Quando pergunto a Elly se ela trabalharia de novo com Ben, ela responde: "Definitivamente, não". Ela não quer falar sobre Ben, virou a página e quer conversar sobre a música, a atmosfera dela. Estou sentindo uma forte vibe Dirty Dancing neste disco novo um assunto de que falamos em profundidade além da vulgaridade do pop moderno sexualizado e como ela lidou com a ansiedade e a evolução do estilo andrógino que é a marca dela.

Noisey: Este disco tem uma temática bem forte. Quais foram as inspirações para o som e os conceitos de paraíso e confusão?

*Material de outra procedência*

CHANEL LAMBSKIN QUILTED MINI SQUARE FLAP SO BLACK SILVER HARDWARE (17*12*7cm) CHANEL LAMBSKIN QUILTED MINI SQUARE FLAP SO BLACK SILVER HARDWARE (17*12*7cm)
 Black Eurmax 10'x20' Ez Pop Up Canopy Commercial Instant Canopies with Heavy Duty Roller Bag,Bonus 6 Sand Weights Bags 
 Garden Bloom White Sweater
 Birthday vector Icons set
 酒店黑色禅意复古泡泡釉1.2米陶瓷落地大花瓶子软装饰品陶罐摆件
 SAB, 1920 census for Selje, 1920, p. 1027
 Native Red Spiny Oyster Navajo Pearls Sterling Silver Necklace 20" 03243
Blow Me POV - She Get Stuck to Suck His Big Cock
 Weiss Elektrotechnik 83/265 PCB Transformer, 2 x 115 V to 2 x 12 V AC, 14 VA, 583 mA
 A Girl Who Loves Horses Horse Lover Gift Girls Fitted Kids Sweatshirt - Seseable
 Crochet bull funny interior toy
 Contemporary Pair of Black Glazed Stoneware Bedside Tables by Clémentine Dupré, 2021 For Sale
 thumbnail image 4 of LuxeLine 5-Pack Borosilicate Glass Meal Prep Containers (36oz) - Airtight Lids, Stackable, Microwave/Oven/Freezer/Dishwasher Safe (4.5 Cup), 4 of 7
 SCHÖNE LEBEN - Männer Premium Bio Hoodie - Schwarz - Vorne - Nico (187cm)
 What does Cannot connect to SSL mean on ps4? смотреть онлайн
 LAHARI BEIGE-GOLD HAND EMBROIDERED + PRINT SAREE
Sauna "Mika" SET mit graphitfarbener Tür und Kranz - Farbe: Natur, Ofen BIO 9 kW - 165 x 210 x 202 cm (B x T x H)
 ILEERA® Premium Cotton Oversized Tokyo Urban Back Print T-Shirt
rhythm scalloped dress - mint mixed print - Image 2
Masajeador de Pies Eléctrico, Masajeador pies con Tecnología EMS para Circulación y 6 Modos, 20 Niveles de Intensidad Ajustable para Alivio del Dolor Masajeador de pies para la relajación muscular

Elly Jackson:O título do álbum veio de "Tropical Chancer". É o maior dos problemas no dilema do paraíso um cara precisa fugir de um lugar que consideraríamos um paraíso ­­ o que acontece muito em lugares onde vamos passar um feriado ou as férias. Achamos o lugar encantador, mas muitas pessoas ali estão incomodadas com o turismo. Mesmo que saibam que precisam dele, só o querem mesmo para que possam sair e buscar uma vida melhor para elas. Mas além disso, o aspecto ensolarado do disco foi se tornando cada vez mais importante. Também tem a ver com a atmosfera algo bonito e reflexivo tem algo que não parece certo ali. Eu queria um paraíso na capa, mas tinha que ser um paraíso desconfortável, um paraíso que você não tem certeza se quer estar ali ou não, mas que seja bonito de se olhar.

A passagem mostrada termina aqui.